● **YOUR OBJECTIVE**
Drop the pictures and repeat the remaining data exactly.

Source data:
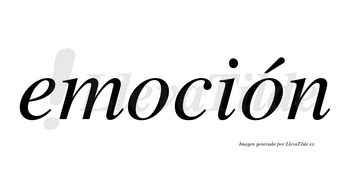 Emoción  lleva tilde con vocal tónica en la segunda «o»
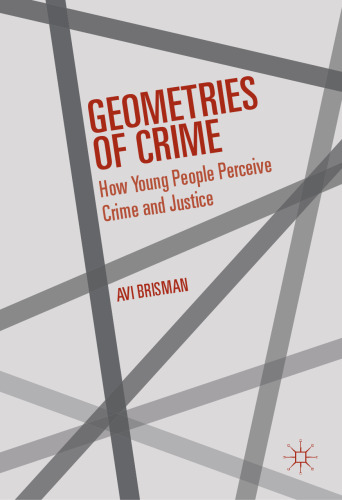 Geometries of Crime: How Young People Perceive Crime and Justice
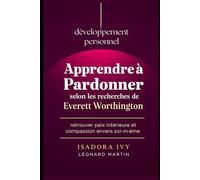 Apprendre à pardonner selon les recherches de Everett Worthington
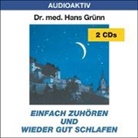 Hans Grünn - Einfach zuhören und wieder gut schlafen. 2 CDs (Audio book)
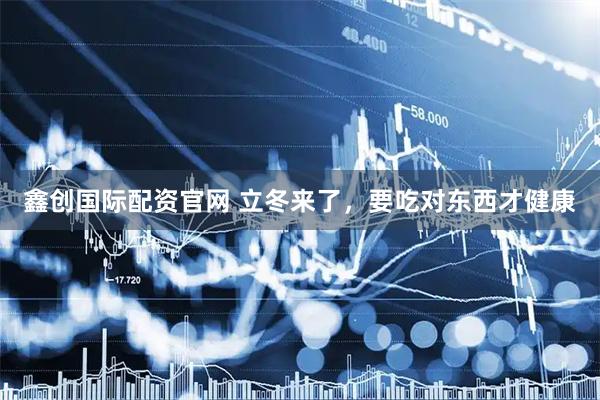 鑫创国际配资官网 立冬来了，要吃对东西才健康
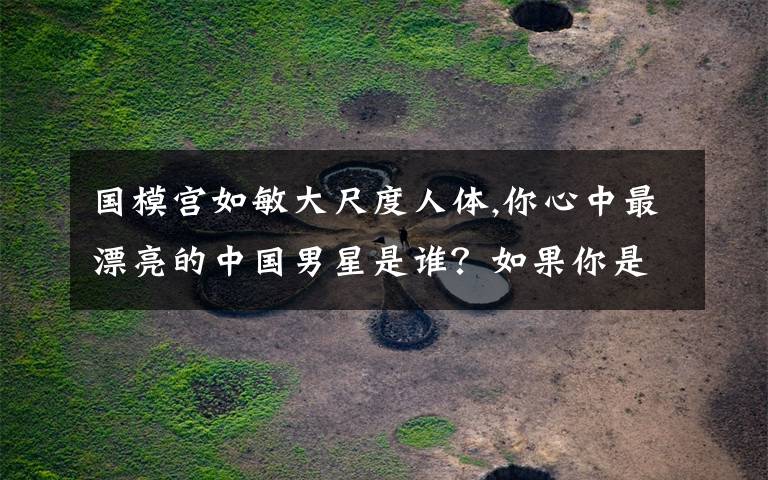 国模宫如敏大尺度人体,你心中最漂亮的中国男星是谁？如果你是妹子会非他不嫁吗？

● **PROBLEM SOLUTION**
 Emoción  lleva tilde con vocal tónica en la segunda «o»
 Geometries of Crime: How Young People Perceive Crime and Justice
 Apprendre à pardonner selon les recherches de Everett Worthington
 Hans Grünn - Einfach zuhören und wieder gut schlafen. 2 CDs (Audio book)
 鑫创国际配资官网 立冬来了，要吃对东西才健康
 国模宫如敏大尺度人体,你心中最漂亮的中国男星是谁？如果你是妹子会非他不嫁吗？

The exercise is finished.